== Problem requirements ==
Reproduce word for word, from the entries below, the line with "Used 2024 Kia", the line with "405 Cami Forest Ln #1 - Photo 7 of 29", and every line between them, and nothing more.

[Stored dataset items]
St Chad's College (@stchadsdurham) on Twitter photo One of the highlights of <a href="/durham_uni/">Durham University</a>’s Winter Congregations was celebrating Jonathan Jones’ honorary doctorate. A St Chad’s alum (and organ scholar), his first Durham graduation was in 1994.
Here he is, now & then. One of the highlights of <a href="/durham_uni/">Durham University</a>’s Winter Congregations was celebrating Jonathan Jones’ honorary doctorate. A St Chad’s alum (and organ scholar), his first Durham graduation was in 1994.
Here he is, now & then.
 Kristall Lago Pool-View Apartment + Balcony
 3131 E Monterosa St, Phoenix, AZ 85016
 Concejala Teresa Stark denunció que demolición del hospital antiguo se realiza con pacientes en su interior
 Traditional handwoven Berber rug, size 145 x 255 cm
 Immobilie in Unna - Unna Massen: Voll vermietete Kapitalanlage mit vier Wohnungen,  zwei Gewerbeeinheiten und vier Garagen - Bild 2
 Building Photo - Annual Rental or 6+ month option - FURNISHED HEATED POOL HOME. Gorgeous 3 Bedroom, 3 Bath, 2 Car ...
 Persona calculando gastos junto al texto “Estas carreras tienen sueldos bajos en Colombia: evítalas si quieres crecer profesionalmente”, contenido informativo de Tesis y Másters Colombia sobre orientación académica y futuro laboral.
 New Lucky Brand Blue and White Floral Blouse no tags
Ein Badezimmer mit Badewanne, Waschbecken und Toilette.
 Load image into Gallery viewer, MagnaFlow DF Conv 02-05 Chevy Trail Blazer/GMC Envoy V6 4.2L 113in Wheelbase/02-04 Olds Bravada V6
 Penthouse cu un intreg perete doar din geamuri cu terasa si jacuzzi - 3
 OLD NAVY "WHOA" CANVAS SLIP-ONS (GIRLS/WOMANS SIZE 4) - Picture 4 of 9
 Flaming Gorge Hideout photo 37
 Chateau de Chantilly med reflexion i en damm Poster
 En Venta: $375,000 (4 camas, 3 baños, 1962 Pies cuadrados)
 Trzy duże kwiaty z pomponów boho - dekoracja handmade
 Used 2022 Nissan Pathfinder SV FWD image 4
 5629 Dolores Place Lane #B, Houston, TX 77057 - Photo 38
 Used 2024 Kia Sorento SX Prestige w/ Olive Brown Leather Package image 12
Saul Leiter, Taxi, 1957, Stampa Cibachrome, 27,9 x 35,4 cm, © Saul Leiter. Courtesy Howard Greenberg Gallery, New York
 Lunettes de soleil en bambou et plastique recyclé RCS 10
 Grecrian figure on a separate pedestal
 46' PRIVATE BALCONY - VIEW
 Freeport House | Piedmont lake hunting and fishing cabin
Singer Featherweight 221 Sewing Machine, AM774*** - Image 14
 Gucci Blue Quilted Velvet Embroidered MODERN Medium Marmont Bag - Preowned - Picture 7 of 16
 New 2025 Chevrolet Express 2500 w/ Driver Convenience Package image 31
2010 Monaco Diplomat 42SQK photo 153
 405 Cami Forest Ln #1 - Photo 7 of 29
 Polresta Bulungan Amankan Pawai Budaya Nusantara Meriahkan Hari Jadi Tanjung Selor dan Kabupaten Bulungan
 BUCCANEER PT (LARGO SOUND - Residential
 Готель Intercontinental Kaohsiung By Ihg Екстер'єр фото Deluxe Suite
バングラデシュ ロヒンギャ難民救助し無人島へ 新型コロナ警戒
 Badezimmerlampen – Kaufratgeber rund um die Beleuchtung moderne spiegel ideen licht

== Written response ==
 Used 2024 Kia Sorento SX Prestige w/ Olive Brown Leather Package image 12
Saul Leiter, Taxi, 1957, Stampa Cibachrome, 27,9 x 35,4 cm, © Saul Leiter. Courtesy Howard Greenberg Gallery, New York
 Lunettes de soleil en bambou et plastique recyclé RCS 10
 Grecrian figure on a separate pedestal
 46' PRIVATE BALCONY - VIEW
 Freeport House | Piedmont lake hunting and fishing cabin
Singer Featherweight 221 Sewing Machine, AM774*** - Image 14
 Gucci Blue Quilted Velvet Embroidered MODERN Medium Marmont Bag - Preowned - Picture 7 of 16
 New 2025 Chevrolet Express 2500 w/ Driver Convenience Package image 31
2010 Monaco Diplomat 42SQK photo 153
 405 Cami Forest Ln #1 - Photo 7 of 29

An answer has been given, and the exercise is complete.